Take a minute to think of your favorite manager. What was it about his or her management style that left such a positive memory? Was she a good communicator, a mentor figure in your early career, or did he know just what to say to motivate you? Whatever it was, that personality and people management style left a lasting impression.
For many, a bad manager is just as memorable, if not more memorable, than a good one. Unfortunately, some find themselves in management positions before they are properly trained and therefore poorly manage and motivate their team. For example, these five common “motivational” myths tend to have the opposite effect on employees behavior.

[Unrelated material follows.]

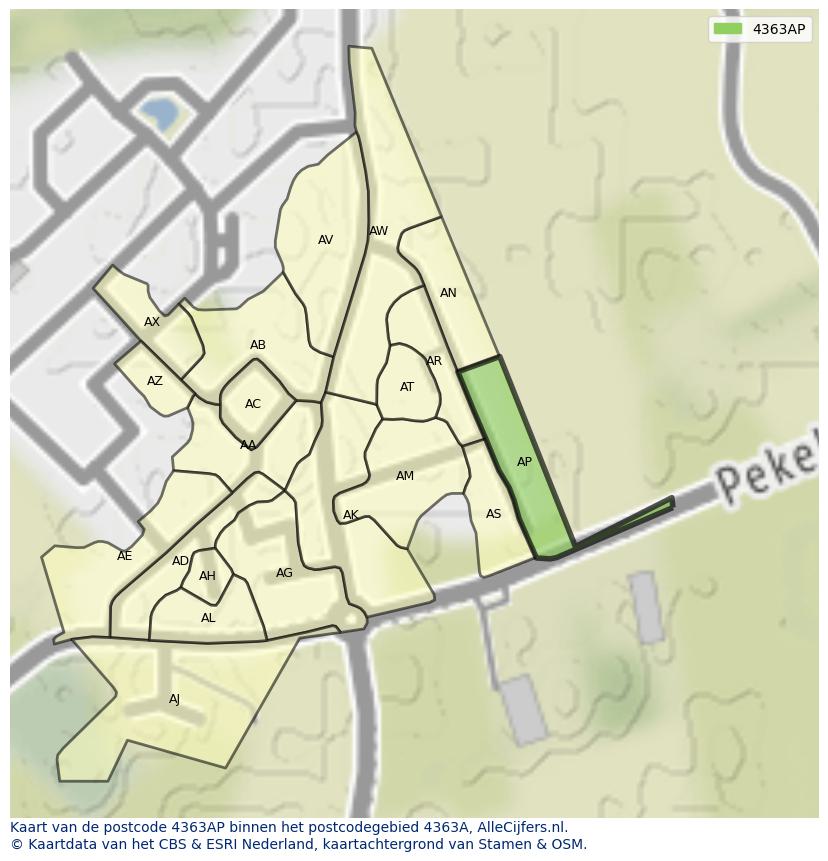 Afbeelding van het postcodegebied 4363 AP op de kaart.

In fact, they actually cause employee disengagement and decreased morale.
The Five Most Common Myths About Motivation
- Having a job should be motivational enough.
In some job markets, such as the Great Recession, this might be true, but not incenting employees because jobs are temporarily scarce is shortsighted. And once more opportunities become available, you might experience low retention.

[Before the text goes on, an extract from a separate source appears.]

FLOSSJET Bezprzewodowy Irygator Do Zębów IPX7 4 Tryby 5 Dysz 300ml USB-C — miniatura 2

- Money is the greatest motivator.
While fair and competitive compensation helps recruit and retain top talent, monetary rewards are not always the best motivators. In fact, 72 percent of people surveyed said they would work harder if their managers better recognized them in general.
- Nothing lights fire like fear.
Fear isn’t a good motivator; it’s a great motivator. Just ask anyone who has ever been fearful of losing her job or livelihood. But fear’s power is usually only temporary. Over time, it creates a stressful, unhealthy environment—one that good employees will soon leave behind.
- Good motivation theories and practices will work for all employees.
If your workforce involves more than one person, you can bet each has his own individual motivators. There is no one-size-fits all approach for motivating people. Motivate appropriately and effectively by knowing each member of your team.
- Sales reps are either naturally motivated or they aren’t.
Thinking that some are more inherently motivated than others is one of the most dangerous misunderstandings of all. Sales leaders who label reps as either fundamentally “lazy” or “driven” fail to see and inspire individual potential to rise to life.
You’d probably rather your employees to consider you the best boss they’ve ever had, than “that terrible manager that I was lucky to escape.” Have no fear, even if you’ve made a motivation mistake or two in the past, it’s not too late to change your ways.